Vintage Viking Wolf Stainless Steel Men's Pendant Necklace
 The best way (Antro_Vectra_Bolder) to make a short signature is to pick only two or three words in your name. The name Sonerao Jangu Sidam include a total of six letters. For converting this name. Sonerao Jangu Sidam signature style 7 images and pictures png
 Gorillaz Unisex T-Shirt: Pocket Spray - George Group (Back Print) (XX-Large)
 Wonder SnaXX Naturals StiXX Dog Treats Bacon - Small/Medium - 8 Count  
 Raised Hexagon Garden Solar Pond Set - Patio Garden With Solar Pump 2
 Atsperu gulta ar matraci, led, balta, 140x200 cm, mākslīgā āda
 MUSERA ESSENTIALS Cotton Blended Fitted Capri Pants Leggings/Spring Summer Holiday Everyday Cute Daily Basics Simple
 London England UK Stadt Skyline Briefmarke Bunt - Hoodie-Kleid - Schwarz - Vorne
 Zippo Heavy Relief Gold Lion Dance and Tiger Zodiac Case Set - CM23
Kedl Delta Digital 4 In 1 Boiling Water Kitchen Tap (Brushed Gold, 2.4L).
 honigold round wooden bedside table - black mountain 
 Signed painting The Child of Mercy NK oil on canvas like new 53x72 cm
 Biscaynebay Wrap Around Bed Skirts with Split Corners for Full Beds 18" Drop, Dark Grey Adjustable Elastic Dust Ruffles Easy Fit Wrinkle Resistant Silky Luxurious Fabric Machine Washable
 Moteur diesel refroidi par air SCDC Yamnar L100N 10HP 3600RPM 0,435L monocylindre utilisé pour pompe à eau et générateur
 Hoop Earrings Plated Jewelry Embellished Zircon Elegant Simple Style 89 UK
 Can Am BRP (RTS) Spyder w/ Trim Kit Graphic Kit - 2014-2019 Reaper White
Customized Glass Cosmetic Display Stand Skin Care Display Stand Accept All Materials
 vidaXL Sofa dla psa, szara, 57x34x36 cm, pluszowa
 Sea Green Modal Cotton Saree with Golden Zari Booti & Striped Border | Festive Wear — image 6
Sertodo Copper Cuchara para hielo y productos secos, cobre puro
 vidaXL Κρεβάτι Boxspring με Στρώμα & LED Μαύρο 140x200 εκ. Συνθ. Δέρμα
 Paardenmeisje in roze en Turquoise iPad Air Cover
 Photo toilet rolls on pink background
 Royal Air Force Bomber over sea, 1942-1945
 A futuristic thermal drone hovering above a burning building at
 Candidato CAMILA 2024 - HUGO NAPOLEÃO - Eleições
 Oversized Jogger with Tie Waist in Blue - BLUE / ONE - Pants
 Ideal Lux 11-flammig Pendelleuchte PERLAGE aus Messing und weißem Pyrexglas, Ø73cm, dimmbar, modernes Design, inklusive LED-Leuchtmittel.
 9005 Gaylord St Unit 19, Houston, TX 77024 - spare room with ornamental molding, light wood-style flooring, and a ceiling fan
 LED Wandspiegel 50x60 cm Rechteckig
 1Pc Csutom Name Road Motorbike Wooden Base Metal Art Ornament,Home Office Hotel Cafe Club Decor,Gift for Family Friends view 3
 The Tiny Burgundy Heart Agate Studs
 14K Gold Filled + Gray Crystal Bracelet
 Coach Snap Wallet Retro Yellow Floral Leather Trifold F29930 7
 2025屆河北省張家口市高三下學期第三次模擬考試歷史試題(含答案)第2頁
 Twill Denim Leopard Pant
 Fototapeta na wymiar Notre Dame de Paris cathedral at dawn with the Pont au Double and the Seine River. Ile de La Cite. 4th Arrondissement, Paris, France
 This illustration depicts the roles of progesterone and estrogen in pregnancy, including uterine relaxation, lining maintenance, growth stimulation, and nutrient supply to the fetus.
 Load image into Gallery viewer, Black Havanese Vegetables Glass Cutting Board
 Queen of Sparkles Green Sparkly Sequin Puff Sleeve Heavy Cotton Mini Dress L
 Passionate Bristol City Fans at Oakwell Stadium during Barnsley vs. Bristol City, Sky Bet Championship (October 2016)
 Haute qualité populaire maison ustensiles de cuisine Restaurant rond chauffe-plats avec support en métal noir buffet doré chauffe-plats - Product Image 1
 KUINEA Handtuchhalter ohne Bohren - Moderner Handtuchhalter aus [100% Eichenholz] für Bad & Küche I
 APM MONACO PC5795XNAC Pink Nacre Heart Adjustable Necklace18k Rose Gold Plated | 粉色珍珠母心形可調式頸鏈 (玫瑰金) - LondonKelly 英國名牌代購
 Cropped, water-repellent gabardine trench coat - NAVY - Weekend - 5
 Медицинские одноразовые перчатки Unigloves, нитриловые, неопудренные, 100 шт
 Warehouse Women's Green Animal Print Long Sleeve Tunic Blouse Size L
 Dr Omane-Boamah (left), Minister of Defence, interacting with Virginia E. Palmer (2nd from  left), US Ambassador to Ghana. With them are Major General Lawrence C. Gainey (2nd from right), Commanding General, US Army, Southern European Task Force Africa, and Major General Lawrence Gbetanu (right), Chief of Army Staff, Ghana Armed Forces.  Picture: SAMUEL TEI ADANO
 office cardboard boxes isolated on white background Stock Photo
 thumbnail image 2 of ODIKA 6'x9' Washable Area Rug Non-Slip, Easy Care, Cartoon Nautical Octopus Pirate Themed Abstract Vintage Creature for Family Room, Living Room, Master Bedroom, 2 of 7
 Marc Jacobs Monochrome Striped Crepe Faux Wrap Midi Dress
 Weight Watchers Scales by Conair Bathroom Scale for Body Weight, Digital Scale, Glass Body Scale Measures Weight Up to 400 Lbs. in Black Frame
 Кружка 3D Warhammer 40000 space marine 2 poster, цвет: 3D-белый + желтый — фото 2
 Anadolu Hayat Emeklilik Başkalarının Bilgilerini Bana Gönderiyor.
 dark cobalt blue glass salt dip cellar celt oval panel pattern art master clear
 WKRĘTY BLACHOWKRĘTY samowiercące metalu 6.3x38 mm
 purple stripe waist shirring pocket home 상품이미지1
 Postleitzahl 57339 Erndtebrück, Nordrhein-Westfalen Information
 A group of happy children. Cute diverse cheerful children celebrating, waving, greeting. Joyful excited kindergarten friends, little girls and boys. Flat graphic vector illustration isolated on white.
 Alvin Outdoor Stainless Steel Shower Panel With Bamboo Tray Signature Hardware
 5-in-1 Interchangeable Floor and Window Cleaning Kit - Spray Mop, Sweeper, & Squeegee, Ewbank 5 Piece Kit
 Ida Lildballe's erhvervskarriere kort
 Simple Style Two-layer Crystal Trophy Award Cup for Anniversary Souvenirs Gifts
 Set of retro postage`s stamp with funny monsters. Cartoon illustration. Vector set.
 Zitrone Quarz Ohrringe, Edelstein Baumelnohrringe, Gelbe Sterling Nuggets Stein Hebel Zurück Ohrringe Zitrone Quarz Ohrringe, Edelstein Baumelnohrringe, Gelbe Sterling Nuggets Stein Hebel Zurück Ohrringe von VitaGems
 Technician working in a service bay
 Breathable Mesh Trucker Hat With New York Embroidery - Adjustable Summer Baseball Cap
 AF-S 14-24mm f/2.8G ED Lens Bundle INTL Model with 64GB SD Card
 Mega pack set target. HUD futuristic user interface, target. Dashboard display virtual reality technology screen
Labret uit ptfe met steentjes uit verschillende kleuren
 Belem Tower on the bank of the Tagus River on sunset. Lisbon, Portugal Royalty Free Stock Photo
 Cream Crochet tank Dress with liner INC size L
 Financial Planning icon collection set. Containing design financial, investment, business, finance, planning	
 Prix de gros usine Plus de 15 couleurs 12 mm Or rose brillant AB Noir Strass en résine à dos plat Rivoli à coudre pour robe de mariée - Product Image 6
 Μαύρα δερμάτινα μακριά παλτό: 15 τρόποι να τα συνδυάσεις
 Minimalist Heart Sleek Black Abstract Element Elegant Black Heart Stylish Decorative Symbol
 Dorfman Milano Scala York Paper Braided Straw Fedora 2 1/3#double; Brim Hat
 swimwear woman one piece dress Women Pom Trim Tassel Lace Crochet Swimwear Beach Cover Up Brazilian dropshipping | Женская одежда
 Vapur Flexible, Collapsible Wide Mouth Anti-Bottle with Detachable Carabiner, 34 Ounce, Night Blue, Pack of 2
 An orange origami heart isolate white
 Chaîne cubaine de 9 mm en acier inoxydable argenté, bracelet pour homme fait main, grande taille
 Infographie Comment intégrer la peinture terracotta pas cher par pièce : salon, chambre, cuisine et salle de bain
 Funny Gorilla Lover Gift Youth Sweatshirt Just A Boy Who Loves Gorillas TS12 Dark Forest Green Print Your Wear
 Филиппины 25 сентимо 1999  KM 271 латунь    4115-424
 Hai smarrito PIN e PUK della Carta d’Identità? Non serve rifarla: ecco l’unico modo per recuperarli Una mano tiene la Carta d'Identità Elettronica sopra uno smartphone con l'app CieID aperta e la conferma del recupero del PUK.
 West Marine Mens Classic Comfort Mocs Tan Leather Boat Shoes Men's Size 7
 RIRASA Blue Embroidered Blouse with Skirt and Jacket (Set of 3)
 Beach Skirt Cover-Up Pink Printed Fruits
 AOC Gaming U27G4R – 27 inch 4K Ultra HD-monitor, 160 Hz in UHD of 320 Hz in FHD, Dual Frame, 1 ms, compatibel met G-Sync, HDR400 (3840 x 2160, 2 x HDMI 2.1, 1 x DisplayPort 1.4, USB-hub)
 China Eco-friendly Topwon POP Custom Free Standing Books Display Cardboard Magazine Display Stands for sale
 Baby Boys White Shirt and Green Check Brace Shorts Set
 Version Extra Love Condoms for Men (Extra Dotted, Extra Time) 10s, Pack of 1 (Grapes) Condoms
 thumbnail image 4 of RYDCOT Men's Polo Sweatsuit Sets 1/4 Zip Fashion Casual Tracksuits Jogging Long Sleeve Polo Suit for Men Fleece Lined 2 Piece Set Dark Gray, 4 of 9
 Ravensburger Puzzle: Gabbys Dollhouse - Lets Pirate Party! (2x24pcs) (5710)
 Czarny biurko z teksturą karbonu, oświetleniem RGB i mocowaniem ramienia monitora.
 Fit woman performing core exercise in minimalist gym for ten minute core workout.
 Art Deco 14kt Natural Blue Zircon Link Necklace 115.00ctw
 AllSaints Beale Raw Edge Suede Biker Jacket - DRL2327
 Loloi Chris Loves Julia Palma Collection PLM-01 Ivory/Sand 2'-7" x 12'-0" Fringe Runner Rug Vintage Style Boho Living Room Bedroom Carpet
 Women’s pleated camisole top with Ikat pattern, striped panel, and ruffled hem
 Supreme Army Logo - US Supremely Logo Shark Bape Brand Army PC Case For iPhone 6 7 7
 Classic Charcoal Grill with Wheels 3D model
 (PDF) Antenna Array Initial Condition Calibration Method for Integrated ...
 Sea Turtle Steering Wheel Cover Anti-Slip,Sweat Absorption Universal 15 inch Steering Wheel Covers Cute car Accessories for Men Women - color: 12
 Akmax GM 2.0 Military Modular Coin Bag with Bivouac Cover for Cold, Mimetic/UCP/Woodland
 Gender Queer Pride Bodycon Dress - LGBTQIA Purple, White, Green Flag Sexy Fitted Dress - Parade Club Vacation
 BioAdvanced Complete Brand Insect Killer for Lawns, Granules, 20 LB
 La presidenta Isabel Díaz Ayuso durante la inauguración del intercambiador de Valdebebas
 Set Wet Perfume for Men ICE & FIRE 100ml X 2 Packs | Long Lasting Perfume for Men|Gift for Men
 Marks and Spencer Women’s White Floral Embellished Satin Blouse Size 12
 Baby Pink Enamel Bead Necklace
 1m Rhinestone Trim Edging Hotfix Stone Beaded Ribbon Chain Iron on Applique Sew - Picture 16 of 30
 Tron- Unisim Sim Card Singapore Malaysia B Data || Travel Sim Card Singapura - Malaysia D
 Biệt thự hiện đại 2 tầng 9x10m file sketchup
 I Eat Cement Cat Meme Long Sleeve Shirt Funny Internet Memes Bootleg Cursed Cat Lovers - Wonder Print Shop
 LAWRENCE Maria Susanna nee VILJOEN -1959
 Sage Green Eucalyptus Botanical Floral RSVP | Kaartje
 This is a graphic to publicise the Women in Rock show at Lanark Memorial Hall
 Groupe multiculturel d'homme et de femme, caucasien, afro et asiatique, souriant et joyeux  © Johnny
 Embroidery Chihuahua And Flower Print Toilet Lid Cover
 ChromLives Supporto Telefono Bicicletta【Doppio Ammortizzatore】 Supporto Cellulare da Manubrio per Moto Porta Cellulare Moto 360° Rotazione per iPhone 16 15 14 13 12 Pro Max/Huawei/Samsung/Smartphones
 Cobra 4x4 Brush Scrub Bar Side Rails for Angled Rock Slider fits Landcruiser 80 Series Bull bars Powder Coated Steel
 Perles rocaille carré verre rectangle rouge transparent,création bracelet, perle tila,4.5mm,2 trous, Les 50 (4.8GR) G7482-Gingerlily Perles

------------------------

▸ Activity:
From the data above, reproduce word for word the lines running from the line with "Sertodo Copper Cuchara" to the line with "Cropped, water-repellent gabardine", ends included.

▸ Task result:
Sertodo Copper Cuchara para hielo y productos secos, cobre puro
 vidaXL Κρεβάτι Boxspring με Στρώμα & LED Μαύρο 140x200 εκ. Συνθ. Δέρμα
 Paardenmeisje in roze en Turquoise iPad Air Cover
 Photo toilet rolls on pink background
 Royal Air Force Bomber over sea, 1942-1945
 A futuristic thermal drone hovering above a burning building at
 Candidato CAMILA 2024 - HUGO NAPOLEÃO - Eleições
 Oversized Jogger with Tie Waist in Blue - BLUE / ONE - Pants
 Ideal Lux 11-flammig Pendelleuchte PERLAGE aus Messing und weißem Pyrexglas, Ø73cm, dimmbar, modernes Design, inklusive LED-Leuchtmittel.
 9005 Gaylord St Unit 19, Houston, TX 77024 - spare room with ornamental molding, light wood-style flooring, and a ceiling fan
 LED Wandspiegel 50x60 cm Rechteckig
 1Pc Csutom Name Road Motorbike Wooden Base Metal Art Ornament,Home Office Hotel Cafe Club Decor,Gift for Family Friends view 3
 The Tiny Burgundy Heart Agate Studs
 14K Gold Filled + Gray Crystal Bracelet
 Coach Snap Wallet Retro Yellow Floral Leather Trifold F29930 7
 2025屆河北省張家口市高三下學期第三次模擬考試歷史試題(含答案)第2頁
 Twill Denim Leopard Pant
 Fototapeta na wymiar Notre Dame de Paris cathedral at dawn with the Pont au Double and the Seine River. Ile de La Cite. 4th Arrondissement, Paris, France
 This illustration depicts the roles of progesterone and estrogen in pregnancy, including uterine relaxation, lining maintenance, growth stimulation, and nutrient supply to the fetus.
 Load image into Gallery viewer, Black Havanese Vegetables Glass Cutting Board
 Queen of Sparkles Green Sparkly Sequin Puff Sleeve Heavy Cotton Mini Dress L
 Passionate Bristol City Fans at Oakwell Stadium during Barnsley vs. Bristol City, Sky Bet Championship (October 2016)
 Haute qualité populaire maison ustensiles de cuisine Restaurant rond chauffe-plats avec support en métal noir buffet doré chauffe-plats - Product Image 1
 KUINEA Handtuchhalter ohne Bohren - Moderner Handtuchhalter aus [100% Eichenholz] für Bad & Küche I
 APM MONACO PC5795XNAC Pink Nacre Heart Adjustable Necklace18k Rose Gold Plated | 粉色珍珠母心形可調式頸鏈 (玫瑰金) - LondonKelly 英國名牌代購
 Cropped, water-repellent gabardine trench coat - NAVY - Weekend - 5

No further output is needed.